START Material for the task
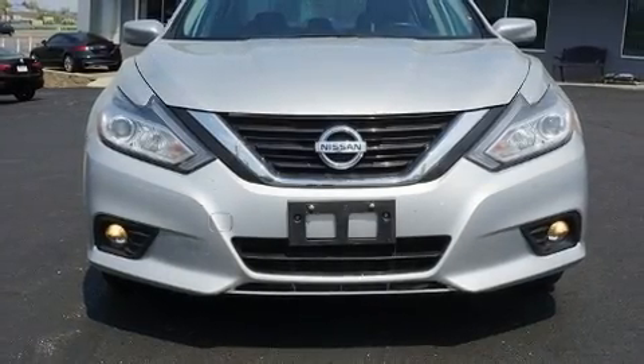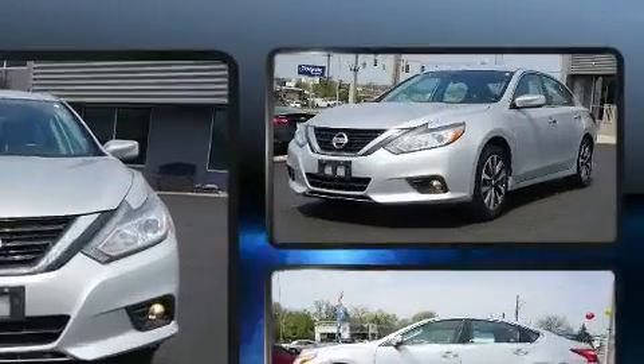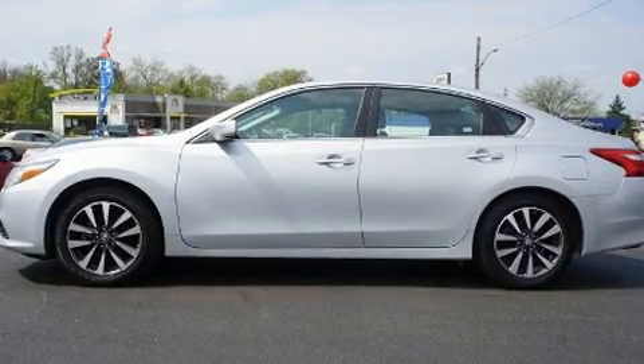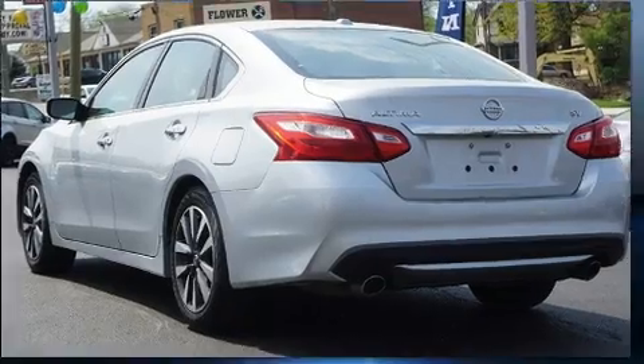You can expect a lot from the 2017 Nissan Altima. With just over 40,000 miles on the odometer, this four-door sedan prioritizes comfort, safety, and convenience. It features a continuously variable transmission, front-wheel drive, and a 2.5-liter four-cylinder engine.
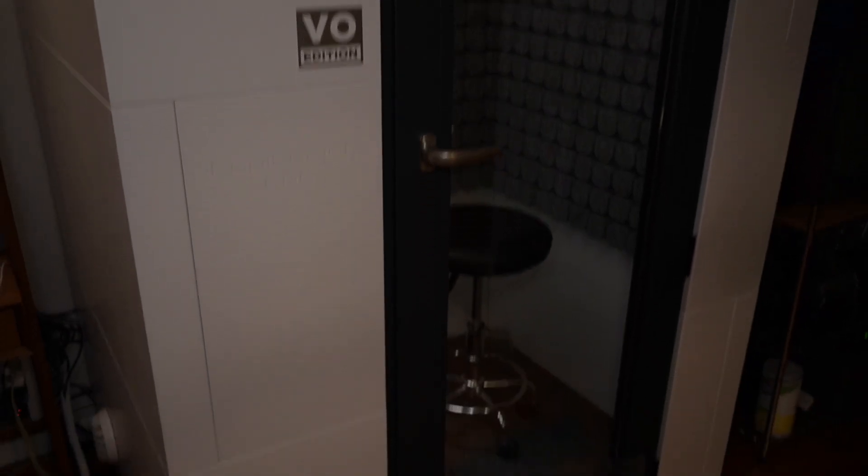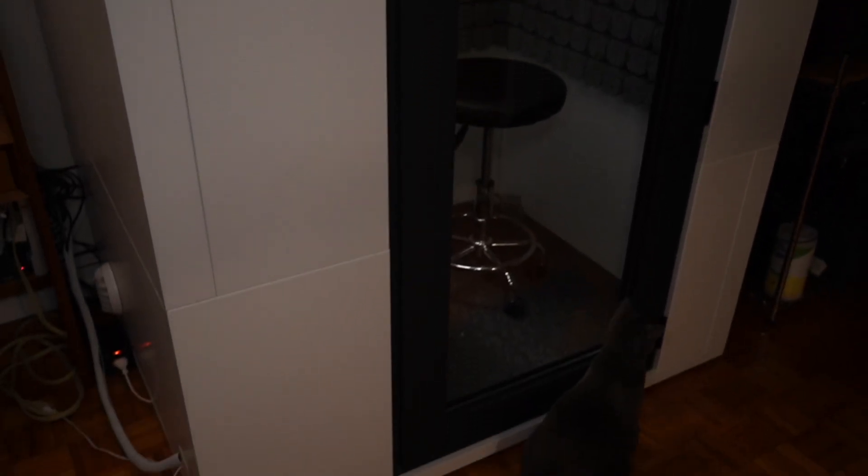Hey there, I'm Jay. Welcome to my apartment and my new booth — the Studio Bricks One VO Edition. What I wanted to do today was talk through my decision-making process as to why I thought this was a worthwhile investment for me, my business, and my situation, as well as some features I was curious about that I couldn't find concrete information on when I was making my purchase.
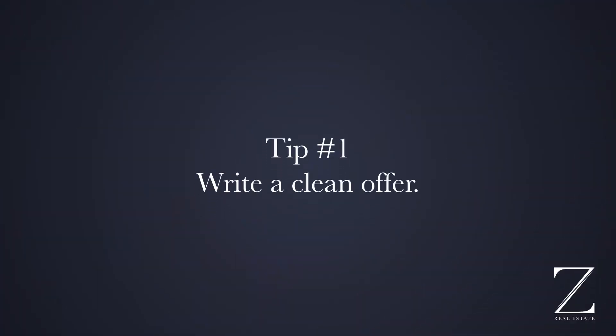Number one is to write a clean offer. What does that mean? You don't want to add in extra costs that the seller should be paying for. You want to make sure you have enough cash to cover your own closing costs, and that you're giving them enough time to move out — or maybe they want to move out quickly. You need to know what is best for the seller to be able to write a clean offer.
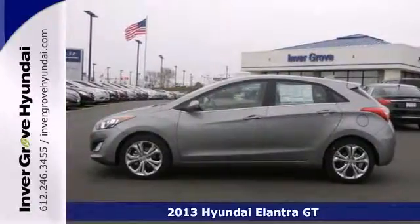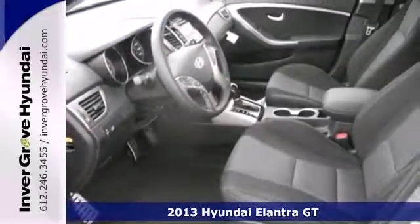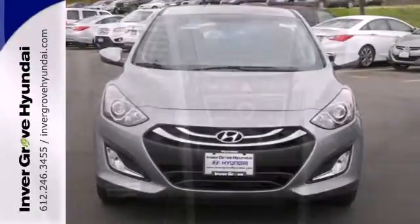It's a 2013 Hyundai Elantra GT. In the name of cargo room and European style, this fresh compact Hyundai takes fun and practicality to a whole new level.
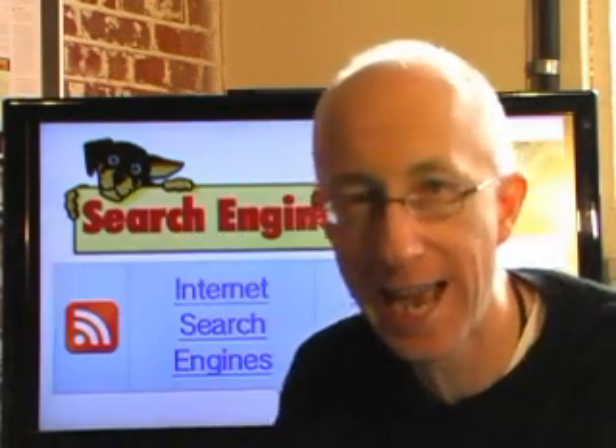Hey, what's up everybody? This is Sage Lewis from Search Engine Guide, and this is what's in the news.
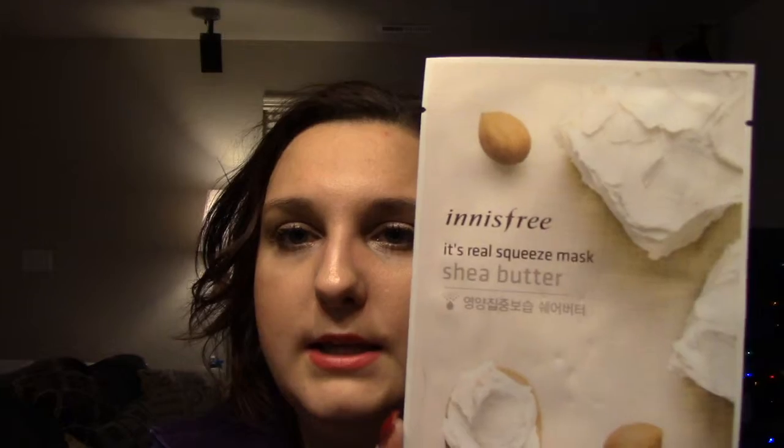So the last thing I wanted to talk about are some other sheet masks that I just got off Amazon. These sheet masks are ones I've never seen in a store, at least not where I live — they might be somewhere in another state, who knows. But these sheet masks are from a brand called Innisfree and it's a Korean brand.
END Material for the task
What this task involves:
Pictures aside, restate the entries word for word.

Response:
You can expect a lot from the 2017 Nissan Altima. With just over 40,000 miles on the odometer, this four-door sedan prioritizes comfort, safety, and convenience. It features a continuously variable transmission, front-wheel drive, and a 2.5-liter four-cylinder engine.
Hey there, I'm Jay. Welcome to my apartment and my new booth — the Studio Bricks One VO Edition. What I wanted to do today was talk through my decision-making process as to why I thought this was a worthwhile investment for me, my business, and my situation, as well as some features I was curious about that I couldn't find concrete information on when I was making my purchase.
Number one is to write a clean offer. What does that mean? You don't want to add in extra costs that the seller should be paying for. You want to make sure you have enough cash to cover your own closing costs, and that you're giving them enough time to move out — or maybe they want to move out quickly. You need to know what is best for the seller to be able to write a clean offer.
It's a 2013 Hyundai Elantra GT. In the name of cargo room and European style, this fresh compact Hyundai takes fun and practicality to a whole new level.
Hey, what's up everybody? This is Sage Lewis from Search Engine Guide, and this is what's in the news.
So the last thing I wanted to talk about are some other sheet masks that I just got off Amazon. These sheet masks are ones I've never seen in a store, at least not where I live — they might be somewhere in another state, who knows. But these sheet masks are from a brand called Innisfree and it's a Korean brand.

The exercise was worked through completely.